Assignment
Word for word, restate the listing that follows and leave out the images.

Raw data
- - - - -

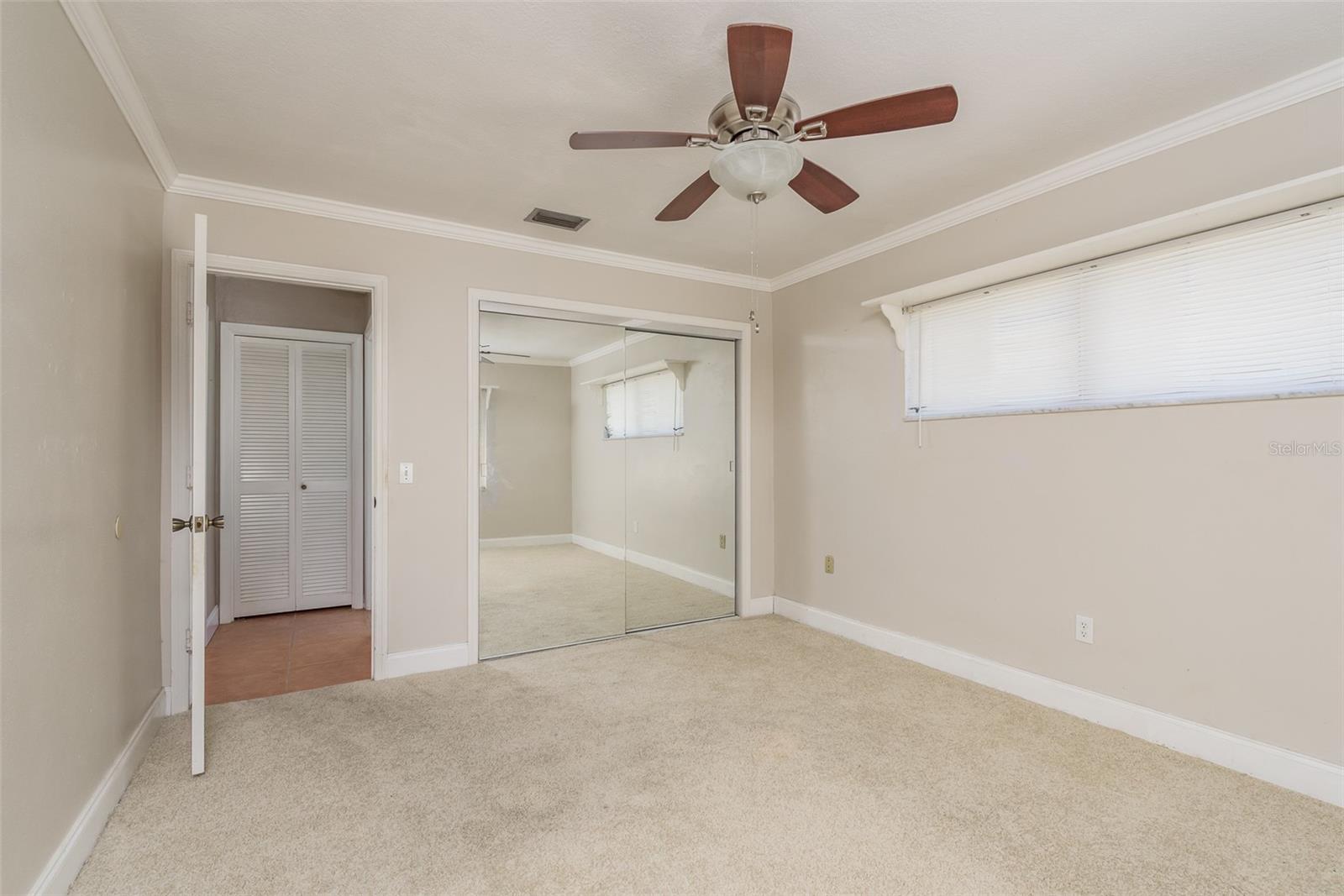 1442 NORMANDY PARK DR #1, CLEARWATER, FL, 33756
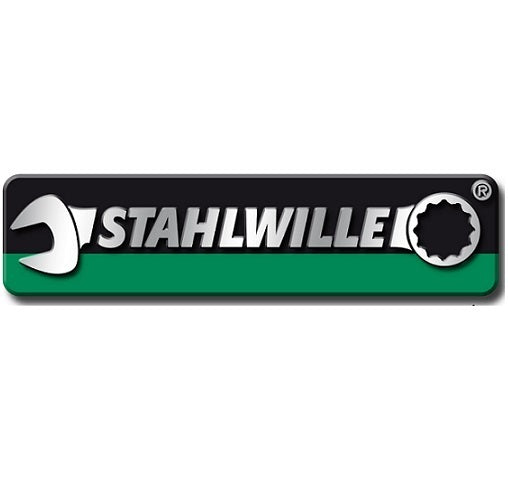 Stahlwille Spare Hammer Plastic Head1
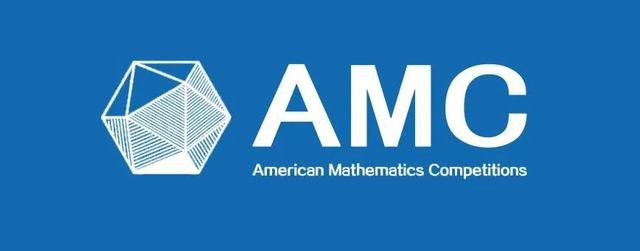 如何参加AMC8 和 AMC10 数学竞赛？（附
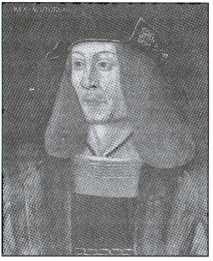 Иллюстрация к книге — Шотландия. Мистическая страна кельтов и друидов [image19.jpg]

- - - - -

Answer below
 1442 NORMANDY PARK DR #1, CLEARWATER, FL, 33756
 Stahlwille Spare Hammer Plastic Head1
 如何参加AMC8 和 AMC10 数学竞赛？（附
 Иллюстрация к книге — Шотландия. Мистическая страна кельтов и друидов [image19.jpg]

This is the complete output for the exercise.